## EXERCISE PROMPT
Below is some data. Retype exactly the lines starting at the one with "USB Rechargeable Ultrasonic" and ending at the one with "Patient #14598: Volbella Before Image".

## DATA EXTRACTS
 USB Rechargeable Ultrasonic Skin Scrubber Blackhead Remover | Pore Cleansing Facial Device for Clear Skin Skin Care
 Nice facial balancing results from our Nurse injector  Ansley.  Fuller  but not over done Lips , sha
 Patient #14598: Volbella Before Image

...

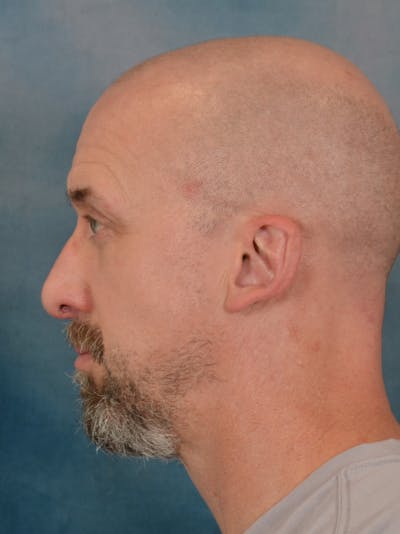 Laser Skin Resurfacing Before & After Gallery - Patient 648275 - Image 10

...

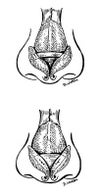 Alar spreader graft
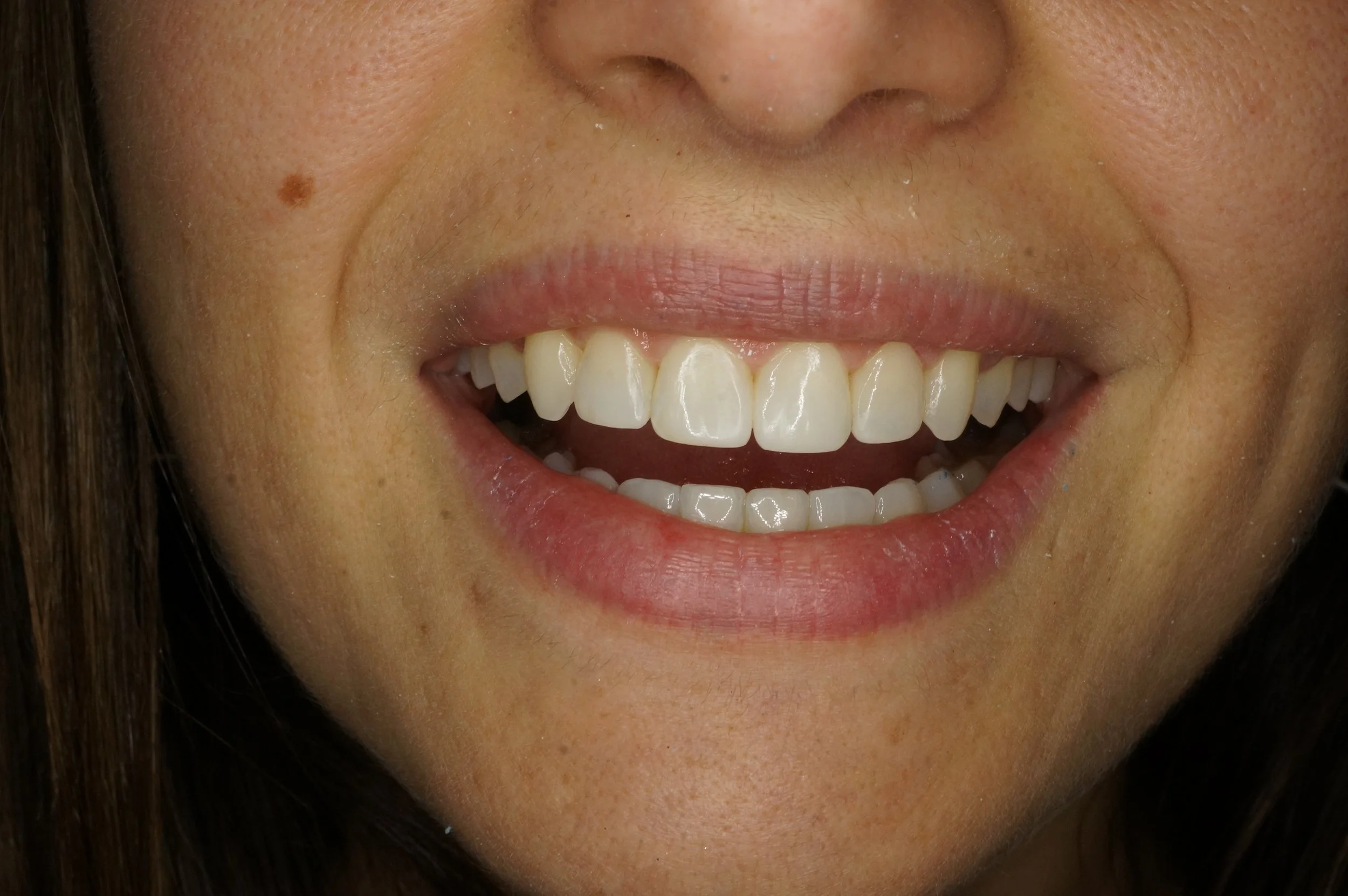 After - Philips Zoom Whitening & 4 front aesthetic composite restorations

## RESPONSE BOX
 USB Rechargeable Ultrasonic Skin Scrubber Blackhead Remover | Pore Cleansing Facial Device for Clear Skin Skin Care
 Nice facial balancing results from our Nurse injector  Ansley.  Fuller  but not over done Lips , sha
 Patient #14598: Volbella Before Image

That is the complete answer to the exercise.